Saturday, May 24, 2008

Postpartum Depression – Symptoms, Causes and Treatment

Postpartum Depression – Symptoms, Causes and Treatment
Author: peterhutch

Postpartum Depression that occurs during pregnancy or within a year after delivery is called perinatal depression. The exact number of women with depression during this time is unknown. But researchers believe that depression is one of the most common complications during and after pregnancy. Often, the depression is not recognized or treated, because some normal pregnancy changes cause similar symptoms and are happening at the same time.
Tiredness, problems sleeping, stronger emotional reactions, and changes in body weight may occur during pregnancy and after pregnancy. But these symptoms may also be signs of depression.
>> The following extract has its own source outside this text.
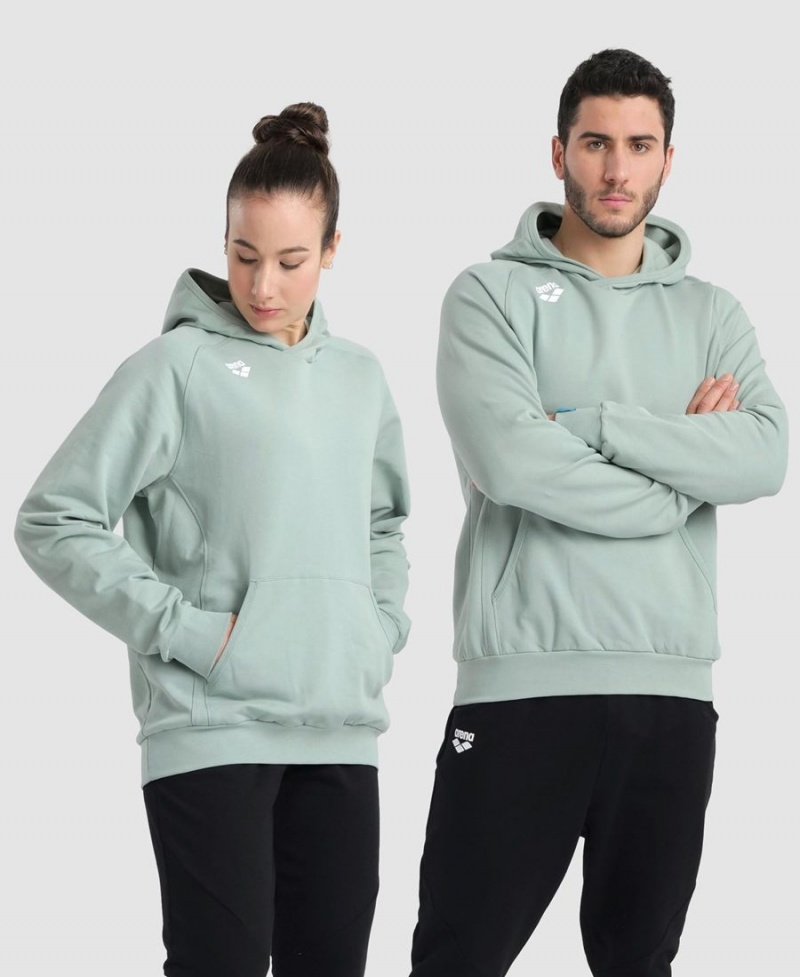 Sweatshirt Arena Team Encapuchonné Panel Vert Femme | XJK-27240147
Many women experience major mood shifts after childbirth, ranging from brief, mild baby blues to longer-lasting, deeper clinical depression, which is known as postpartum depression. Feelings of sadness and depression are more common after childbirth than many people may realize. It's important for new mothers — and those who love them — to understand the symptoms of postpartum depression and to reach out to family, friends, and medical professionals for help.


Physical symptoms such as frequent headaches, chest pain, rapid heart beat, numbness, shakiness or dizziness, and mild shortness of breath suggest anxiety. Postpartum anxiety disorder is a separate disorder from postpartum depression, but the two often occur together.

A woman who has postpartum psychosis may feel cut off from her baby. She may see and hear things that aren't there. Any woman who has postpartum depression can have fleeting thoughts of suicide or of harming her baby. But a woman with postpartum psychosis may feel like she has to act on these thoughts.


Postpartum depression is caused by changes in hormones and can run in families. Women with severe premenstrual syndrome are more likely to suffer from postpartum depression.

There may be a number of reasons why a woman gets depressed. Hormone changes or a stressful life event, such as a death in the family, can cause chemical changes in the brain that lead to depression. Depression is also an illness that runs in some families. Other times, it’s not clear what causes depression.

Experts agree there are no single cause but rather a combination of hormonal, biochemical, environmental, psychological, and genetic factors. Genetics may play the largest role in postpartum depression, as the single greatest risk factor for PPD is a personal history of depression.

When you're sleep deprived and overwhelmed, you may have trouble handling even minor problems. You may be anxious about your ability to care for a newborn. You may feel less attractive or struggle with your sense of identity. You may feel that you've lost control over your life. Any of these factors can contribute to depression.


Postpartum depression can be treated in several ways. Support groups may help. Some women go to therapy or counseling with a mental health professional. This professional may talk with the woman about the risks and benefits of antidepressant medications.

Always consult a psychiatrist or other mental health professional when depressive symptoms continue or worsen; when the new mother feels or expresses a wish to harm herself, or feels or expresses a fear that she will harm the child; or when she becomes suspicious or begins to act in an unusual, bizarre manner.

If bad moods, stress, and conflicts plague the pregnancy, try to head off the probable later depression by getting help before the baby is born. Be assertive; if a doctor does not take the symptoms seriously, get a second opinion.